-- What you will do --
Repeat the records below word for word.

(Items from a dataset)
━━━
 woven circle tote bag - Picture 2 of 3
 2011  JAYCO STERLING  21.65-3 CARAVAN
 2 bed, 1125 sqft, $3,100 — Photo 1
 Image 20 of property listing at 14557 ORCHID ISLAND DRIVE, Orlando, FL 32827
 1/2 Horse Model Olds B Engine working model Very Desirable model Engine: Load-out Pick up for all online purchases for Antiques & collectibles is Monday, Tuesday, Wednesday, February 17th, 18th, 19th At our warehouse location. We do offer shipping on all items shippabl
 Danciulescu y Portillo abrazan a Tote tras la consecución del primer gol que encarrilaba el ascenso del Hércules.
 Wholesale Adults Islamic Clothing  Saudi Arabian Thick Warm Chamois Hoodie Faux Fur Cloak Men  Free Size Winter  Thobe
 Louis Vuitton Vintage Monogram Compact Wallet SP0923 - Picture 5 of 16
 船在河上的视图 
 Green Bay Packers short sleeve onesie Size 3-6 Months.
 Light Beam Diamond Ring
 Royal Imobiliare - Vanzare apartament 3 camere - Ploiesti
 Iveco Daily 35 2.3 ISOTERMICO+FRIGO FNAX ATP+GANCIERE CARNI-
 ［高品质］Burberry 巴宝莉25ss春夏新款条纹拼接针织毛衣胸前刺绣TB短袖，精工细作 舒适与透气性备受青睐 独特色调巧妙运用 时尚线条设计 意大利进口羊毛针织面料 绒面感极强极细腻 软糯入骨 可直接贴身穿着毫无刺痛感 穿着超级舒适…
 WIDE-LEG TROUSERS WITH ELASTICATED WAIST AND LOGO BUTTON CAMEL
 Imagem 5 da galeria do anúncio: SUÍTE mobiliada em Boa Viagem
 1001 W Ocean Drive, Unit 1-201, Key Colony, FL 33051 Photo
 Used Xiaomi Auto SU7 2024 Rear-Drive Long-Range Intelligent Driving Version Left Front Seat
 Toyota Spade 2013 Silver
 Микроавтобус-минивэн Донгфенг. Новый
━━━
-- Task response --
 woven circle tote bag - Picture 2 of 3
 2011  JAYCO STERLING  21.65-3 CARAVAN
 2 bed, 1125 sqft, $3,100 — Photo 1
 Image 20 of property listing at 14557 ORCHID ISLAND DRIVE, Orlando, FL 32827
 1/2 Horse Model Olds B Engine working model Very Desirable model Engine: Load-out Pick up for all online purchases for Antiques & collectibles is Monday, Tuesday, Wednesday, February 17th, 18th, 19th At our warehouse location. We do offer shipping on all items shippabl
 Danciulescu y Portillo abrazan a Tote tras la consecución del primer gol que encarrilaba el ascenso del Hércules.
 Wholesale Adults Islamic Clothing  Saudi Arabian Thick Warm Chamois Hoodie Faux Fur Cloak Men  Free Size Winter  Thobe
 Louis Vuitton Vintage Monogram Compact Wallet SP0923 - Picture 5 of 16
 船在河上的视图 
 Green Bay Packers short sleeve onesie Size 3-6 Months.
 Light Beam Diamond Ring
 Royal Imobiliare - Vanzare apartament 3 camere - Ploiesti
 Iveco Daily 35 2.3 ISOTERMICO+FRIGO FNAX ATP+GANCIERE CARNI-
 ［高品质］Burberry 巴宝莉25ss春夏新款条纹拼接针织毛衣胸前刺绣TB短袖，精工细作 舒适与透气性备受青睐 独特色调巧妙运用 时尚线条设计 意大利进口羊毛针织面料 绒面感极强极细腻 软糯入骨 可直接贴身穿着毫无刺痛感 穿着超级舒适…
 WIDE-LEG TROUSERS WITH ELASTICATED WAIST AND LOGO BUTTON CAMEL
 Imagem 5 da galeria do anúncio: SUÍTE mobiliada em Boa Viagem
 1001 W Ocean Drive, Unit 1-201, Key Colony, FL 33051 Photo
 Used Xiaomi Auto SU7 2024 Rear-Drive Long-Range Intelligent Driving Version Left Front Seat
 Toyota Spade 2013 Silver
 Микроавтобус-минивэн Донгфенг. Новый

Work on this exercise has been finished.